[DATA TO PROCESS]

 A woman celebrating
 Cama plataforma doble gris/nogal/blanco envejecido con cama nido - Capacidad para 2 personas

[/DATA TO PROCESS]
[DATA TO PROCESS]

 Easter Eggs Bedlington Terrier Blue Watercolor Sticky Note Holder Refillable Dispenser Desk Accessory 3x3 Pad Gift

[/DATA TO PROCESS]
[DATA TO PROCESS]

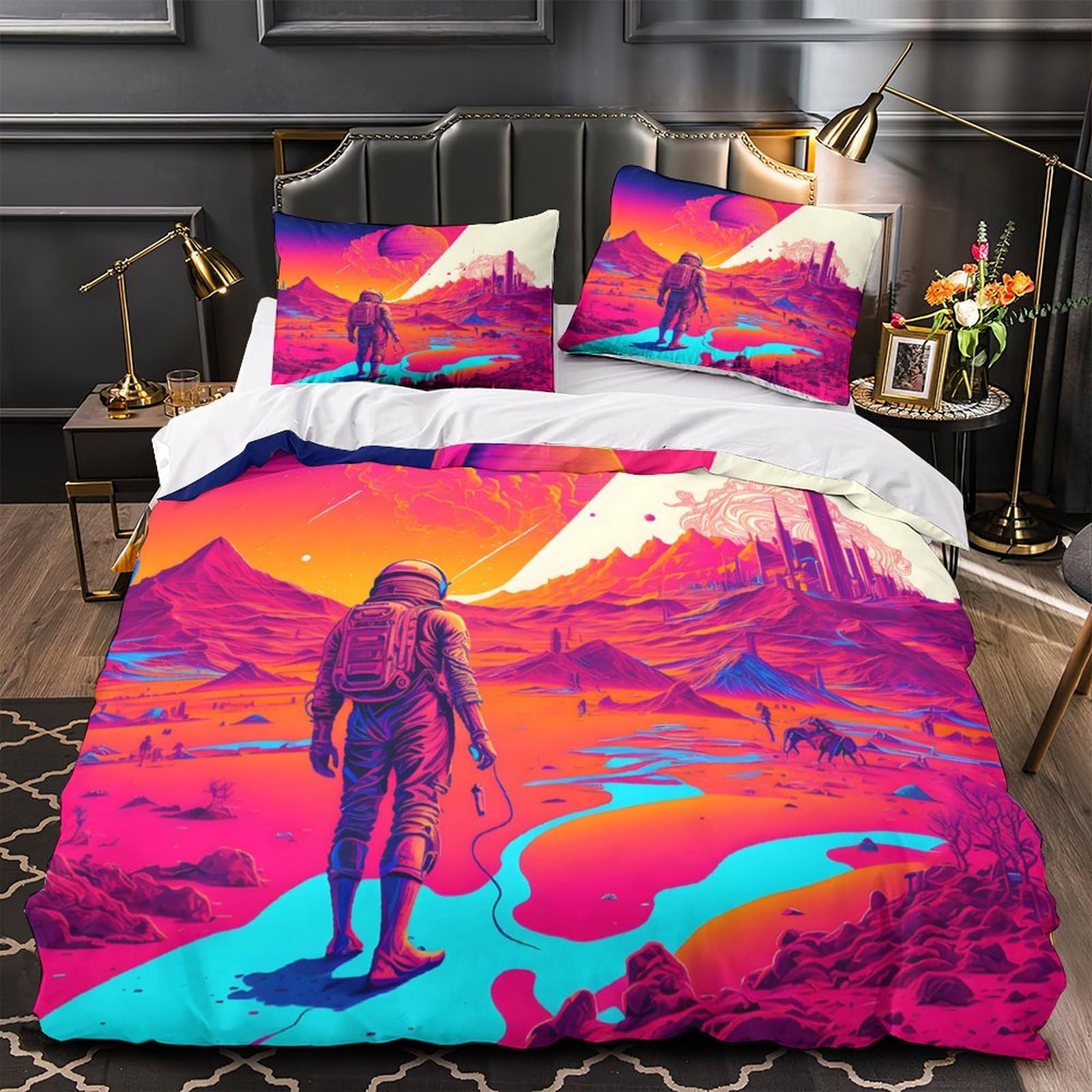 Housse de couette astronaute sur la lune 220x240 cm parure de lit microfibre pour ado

[/DATA TO PROCESS]

● TASK PROMPT
Only the lines above from the one with "A woman celebrating" through the one with "Cama plataforma doble" should be duplicated, character for character.

● TASK SOLUTION
 A woman celebrating
 Cama plataforma doble gris/nogal/blanco envejecido con cama nido - Capacidad para 2 personas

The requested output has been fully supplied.